The NCTA fired back, claiming that it was the phone companies who were "[pressuring] Congress and statehouses for one-sided legislation that would give them privileged regulatory status in the video marketplace, [while] they continue to flood the airwaves and print media with a multitude of advertising that distorts the truth."

The "national video franchise" provision has some restrictions. The new competitor would not be allowed to turn away customers based on income.

Wi-Fi Citywide

Another provision would allow "public provider[s] of telecommunications service, information service, or cable service" to create wireless networks in their cities in towns.

If the bill becomes law, it would supersede several states' laws that prevent local communities from developing their own free Wi-Fi networks for residents to use.

The issue of municipal Wi-Fi is a hot one in New Orleans, where an emergency-authorized free Wi-Fi system has enabled residents to stay in touch with missing relatives, hunt for jobs, and provide the world with information about life after Katrina.

BellSouth has been campaigning to have the Wi-Fi service shut down, in order to prevent residents and employers from switching over full-time.

Net In Neutral

Supporters of the "net neutrality" principle were disappointed to find that the final draft of the Barton bill omitted language that specifically prevented broadband providers from blocking or impairing access to Internet content.

Instead, the current draft amends the original Communications Act of 1934 to enable the FCC to adjudicate claims that content is being blocked. The new draft claims to uphold the "four principles" of broadband, espoused by former FCC Chairman Michael Powell.

Powell's "four principles" included "access to the lawful Internet content of their choice," fair competition between providers, and the ability to use devices for accessing content that "did not harm the network."

Current FCC Chairman Kevin Martin has not explicitly supported or opposed net neutrality, saying that he "was hesitant to adopt rules that would prevent anti-competitive behavior where there hasn't been significant evidence of a problem."

Content providers and business giants alike believe there is a significant problem, enough to draft a letter of response to the Barton bill.
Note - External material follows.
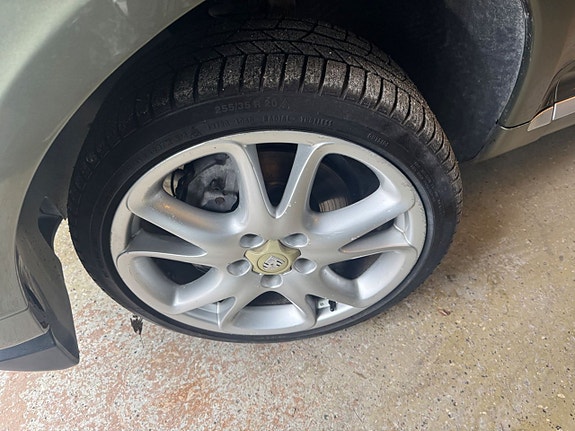 Porsche Cayenne 11 of 24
Google, Microsoft, eBay, Yahoo, and others stated that "[c]onsumers embraced the Internet because innovation was rapid and anyone could provide lawful content without interference or permission from those companies that control the networks."

"This bill would allow for such a fundamental change in the paradigm of the Internet that it would frustrate the reasonable expectations of the tens of millions of Americans who go online," the companies said.

Part of the problem is that Web content companies, for all their public clout and name recognition, don't have the sheer financial capital and lobbying muscle that old-school cable and telecom companies enjoy on Capitol Hill.

A CNET News study on tech firm spending in Washington found that telecom companies enjoyed a 3-to-1 spending advantage over Internet companies, with businesses such as Verizon and AT&T spending a combined total of $230 million in lobbying efforts since 1998.

Google, at least, is hurrying to get into the game. The search engine giant is hiring lobbyists and public affairs consultants all over Washington in an effort to be represented around the pork barrel.

Meanwhile, consumer groups such as Public Knowledge are expressing concern that the new bill, if it becomes law, won't explicitly prevent cable and telecom providers from subtly degrading service and access to content in order to favor their own offerings.

Public Knowledge Gigi Sohn said in a press statement that "without stronger legislation, the cable and telephone companies will have the power to change the fundamental nature of the Internet. This bill needs significant improvement before it will preserve the open Internet that consumers and service providers expect and deserve."